Hassell McClellan, associate professor of strategic management at Boston College, agrees. "In difficult times, the worst thing a company can do is not strategically plan.

In times of difficulty, people need to get more focused and the most successful retreats are ones that have clear objectives," says Mr. McClellan, who also thinks that corporate retreats have become much more "focused on strategic goals."

Liteman, who has led retreats in the US, Africa, Latin America, and Europe, cites a number of ways of unlocking the creative energy of a retreat's attendees.

"One exercise that can really liberate people's thinking is to have them imagine how a well-known person or a successful organization might deal with a particular issue," she says. "Another powerful technique is storytelling. When people create stories about their own organization, they can see how their culture is hampering or fostering their success."

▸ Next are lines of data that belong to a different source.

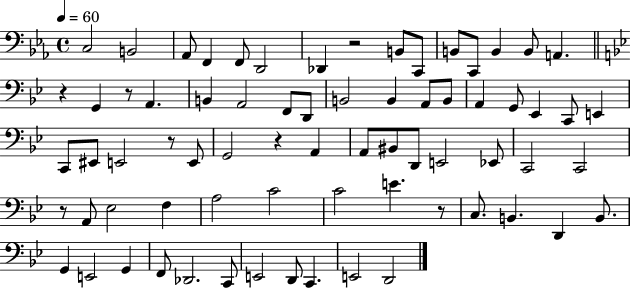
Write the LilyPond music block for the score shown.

{
  \clef bass
  \time 4/4
  \defaultTimeSignature
  \key ees \major
  \tempo 4 = 60
  c2 b,2 | aes,8 f,4 f,8 d,2 | des,4 r2 b,8 c,8 | b,8 c,8 b,4 b,8 a,4. | \break \bar "||" \break \key bes \major r4 g,4 r8 a,4. | b,4 a,2 f,8 d,8 | b,2 b,4 a,8 b,8 | a,4 g,8 ees,4 c,8 e,4 | \break c,8 eis,8 e,2 r8 e,8 | g,2 r4 a,4 | a,8 bis,8 d,8 e,2 ees,8 | c,2 c,2 | \break r8 a,8 ees2 f4 | a2 c'2 | c'2 e'4. r8 | c8. b,4. d,4 b,8. | \break g,4 e,2 g,4 | f,8 des,2. c,8 | e,2 d,8 c,4. | e,2 d,2 | \break \bar "|."
}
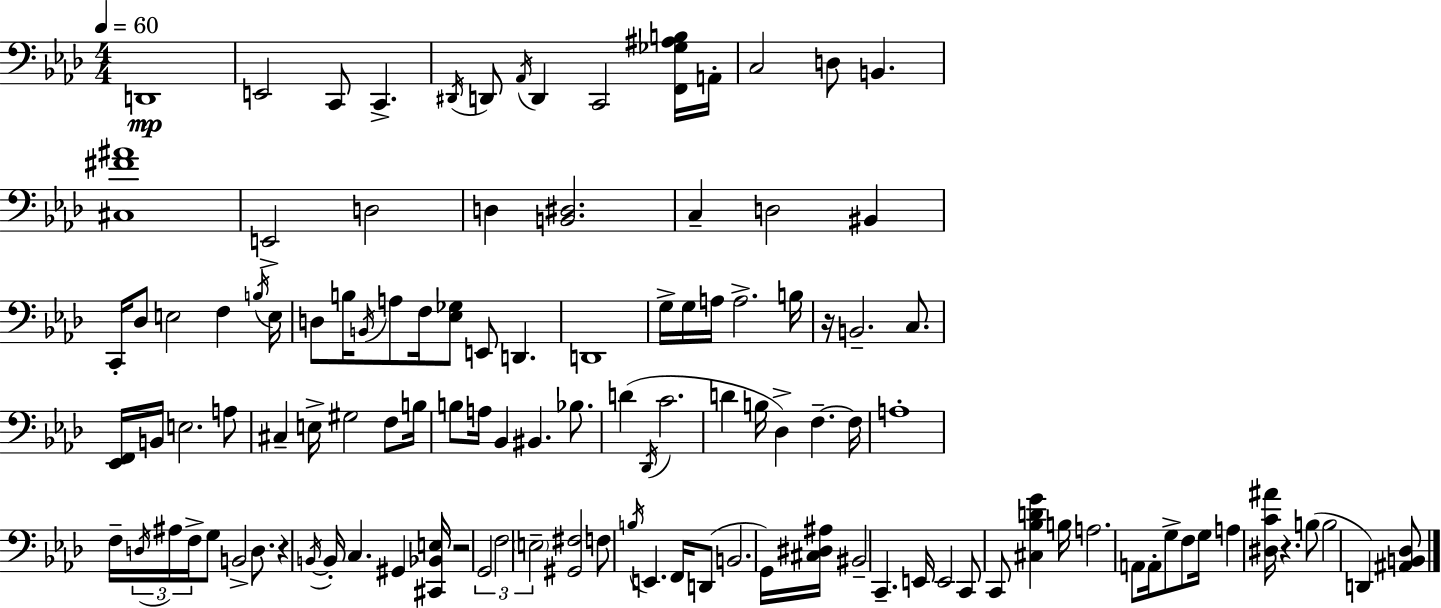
{
  \clef bass
  \numericTimeSignature
  \time 4/4
  \key aes \major
  \tempo 4 = 60
  \repeat volta 2 { d,1\mp | e,2 c,8 c,4.-> | \acciaccatura { dis,16 } d,8 \acciaccatura { aes,16 } d,4 c,2 | <f, ges ais b>16 a,16-. c2 d8 b,4. | \break <cis fis' ais'>1 | e,2-> d2 | d4 <b, dis>2. | c4-- d2 bis,4 | \break c,16-. des8 e2 f4 | \acciaccatura { b16 } e16 d8 b16 \acciaccatura { b,16 } a8 f16 <ees ges>8 e,8 d,4. | d,1 | g16-> g16 a16 a2.-> | \break b16 r16 b,2.-- | c8. <ees, f,>16 b,16 e2. | a8 cis4-- e16-> gis2 | f8 b16 b8 a16 bes,4 bis,4. | \break bes8. d'4( \acciaccatura { des,16 } c'2. | d'4 b16 des4->) f4.--~~ | f16 a1-. | f16-- \tuplet 3/2 { \acciaccatura { d16 } ais16 f16-> } g8 b,2-> | \break d8. r4 \acciaccatura { b,16~ }~ b,16-. c4. | gis,4 <cis, bes, e>16 r2 \tuplet 3/2 { g,2 | f2 \parenthesize e2-- } | <gis, fis>2 f8 | \break \acciaccatura { b16 } e,4. f,16 d,8( b,2. | g,16) <cis dis ais>16 bis,2-- | c,4.-- e,16 e,2 | c,8 c,8 <cis bes d' g'>4 b16 a2. | \break a,8 a,16-. g8-> f8 g16 a4 | <dis c' ais'>16 r4. b8( b2 | d,4) <ais, b, des>8 } \bar "|."
}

That may require a level of sophistication in planning that not all companies can pull off.

"Our yearly companywide retreat resembled a high school football pep rally more than anything," says Mackenzie Parks, who lives in New York and worked for a consulting company there for three years. She recalls the "skit" portion of the retreat: "The recruiters came dressed in hula skirts and leis, all the while performing their 'recruiting dance.' It was pretty ridiculous."

The retreat's objective was to build better teamwork and promote the company mission.

"It was a fun party, and I guess we got closer," says Ms. Parks. "But nothing was really accomplished."